Many festivals have been able to pull off blending genres and featuring acts of every different style, but those are often held in parks or on large fields, while Visual Japan Summit took place entirely in one very large room. Now, when I say large, I mean large, as over 100,000 people walked in and out of those doors throughout the weekend, but since this was held in an enclosed space, one might assume that if a hard rock act is going to play, that's what everyone there wants to hear, correct? Interestingly, no, as the people in the crowds seemed to have different tastes, but it wasn't just the music that brought them there.
Instead of sound or style, there is something that held all of these bands together, despite the fact that many of them didn't sound anything alike. While one lead singer screamed the lyrics, another played definitively Japanese rock dressed entirely in cosplay outfits, another sang syrupy sweet pop ballads, while still another didn't play anything at all, as their schtick is not just lipsyncing, but pretending to strum guitars and pluck basses. It's even difficult to understand how X Japan's fan base enjoys their entire output, as in the beginning of their career it was all about punk rock, but by the end the songs can truly only be described as pop ballads at their sappiest. All of this variety ensured that not a minute of the full event was boring, and despite the fact that I've been to dozens of festivals all around the word, I have truly never experienced anything quite like these bands, or in some cases, "bands."
The crowd at this event about an hour outside of Tokyo was also nothing like the rowdy, drunk, sometimes high American festival-goer, and for that, I am thankful. Everything about the party was tame, clean, and well-organized.
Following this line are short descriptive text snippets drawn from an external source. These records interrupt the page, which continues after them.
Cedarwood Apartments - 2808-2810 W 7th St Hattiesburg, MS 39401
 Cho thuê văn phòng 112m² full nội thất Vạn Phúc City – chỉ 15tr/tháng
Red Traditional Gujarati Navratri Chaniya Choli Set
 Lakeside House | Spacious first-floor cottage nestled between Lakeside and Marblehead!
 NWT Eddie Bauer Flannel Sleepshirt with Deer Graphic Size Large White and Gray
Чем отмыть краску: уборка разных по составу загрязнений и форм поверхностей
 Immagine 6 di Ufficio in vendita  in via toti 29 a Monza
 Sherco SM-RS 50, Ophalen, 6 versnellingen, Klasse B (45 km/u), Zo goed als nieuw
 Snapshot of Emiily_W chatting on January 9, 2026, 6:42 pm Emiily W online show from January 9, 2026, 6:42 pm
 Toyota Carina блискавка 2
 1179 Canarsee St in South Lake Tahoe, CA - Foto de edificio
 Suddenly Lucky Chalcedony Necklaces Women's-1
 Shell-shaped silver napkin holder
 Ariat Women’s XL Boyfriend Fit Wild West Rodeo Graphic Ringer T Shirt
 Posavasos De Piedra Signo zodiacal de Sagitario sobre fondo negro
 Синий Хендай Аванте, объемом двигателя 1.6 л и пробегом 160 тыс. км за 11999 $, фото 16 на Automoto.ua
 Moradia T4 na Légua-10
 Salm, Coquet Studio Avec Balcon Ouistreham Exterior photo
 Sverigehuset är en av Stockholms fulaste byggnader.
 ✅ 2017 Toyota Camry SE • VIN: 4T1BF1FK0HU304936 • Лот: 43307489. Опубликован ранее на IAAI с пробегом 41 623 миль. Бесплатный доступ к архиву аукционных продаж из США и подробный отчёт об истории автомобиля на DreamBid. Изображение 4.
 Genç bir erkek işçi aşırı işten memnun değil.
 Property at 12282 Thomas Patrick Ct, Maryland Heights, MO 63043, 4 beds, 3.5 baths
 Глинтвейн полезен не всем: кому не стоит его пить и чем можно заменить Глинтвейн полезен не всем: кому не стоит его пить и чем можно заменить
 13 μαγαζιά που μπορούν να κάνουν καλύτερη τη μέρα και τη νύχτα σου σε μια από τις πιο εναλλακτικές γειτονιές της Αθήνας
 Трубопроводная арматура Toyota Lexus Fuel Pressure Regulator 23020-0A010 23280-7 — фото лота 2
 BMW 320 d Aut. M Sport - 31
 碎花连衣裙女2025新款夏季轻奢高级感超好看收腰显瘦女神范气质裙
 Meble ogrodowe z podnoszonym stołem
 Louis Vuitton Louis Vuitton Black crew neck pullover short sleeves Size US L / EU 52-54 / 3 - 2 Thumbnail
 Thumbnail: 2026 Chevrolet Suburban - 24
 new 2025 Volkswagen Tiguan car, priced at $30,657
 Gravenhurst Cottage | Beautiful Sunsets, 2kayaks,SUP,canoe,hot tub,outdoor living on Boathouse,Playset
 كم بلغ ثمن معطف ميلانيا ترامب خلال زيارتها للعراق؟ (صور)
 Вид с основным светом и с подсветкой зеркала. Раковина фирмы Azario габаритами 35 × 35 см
There were no disgusting bathrooms, literally not a piece of trash in sight, and forget the long lines for booze, though that was mostly because it didn't seem like anybody was drinking. That's both a positive and a negative, but it certainly helps the event stand out even further.
Visual Japan Summit 2016
The attendees all seemed to know their roles in the show, and from a spectator's view, it seemed almost as if there had been an orientation before anyone was allowed in the doors. Everybody knew when in certain songs to move their hands one way or shout a single word or phrase, whereas in other cultures, it's not odd to see someone screaming every line of every song at the top of their lungs, or for many diehard partygoers to jump and dance throughout the set. That was not the case here, and it seems as though most, if not all, of those in the building had been to their fair share of X Japan shows before, and they knew what they were doing without having to be told.
I attended all three nights of Visual Japan Summit, and yet I'm still having a hard time putting my finger on exactly what made the event so special, and I can't say what made the acts so cohesive, despite the fact that they certainly didn't sound like they had anything in common. Maybe that's what made the weekend-long parade of wonders so fascinating: it's mysterious allure and inarticulate connectivity. I couldn't understand what the performers were saying, I wasn't in on the dance moves, and I was crying for a beer, but when it was all said and done, I didn't want to leave, as it felt like there was more to discover and more fun to be had. I can only guess that those who purchased tickets felt the same way, even though this is a world they are far more familiar with.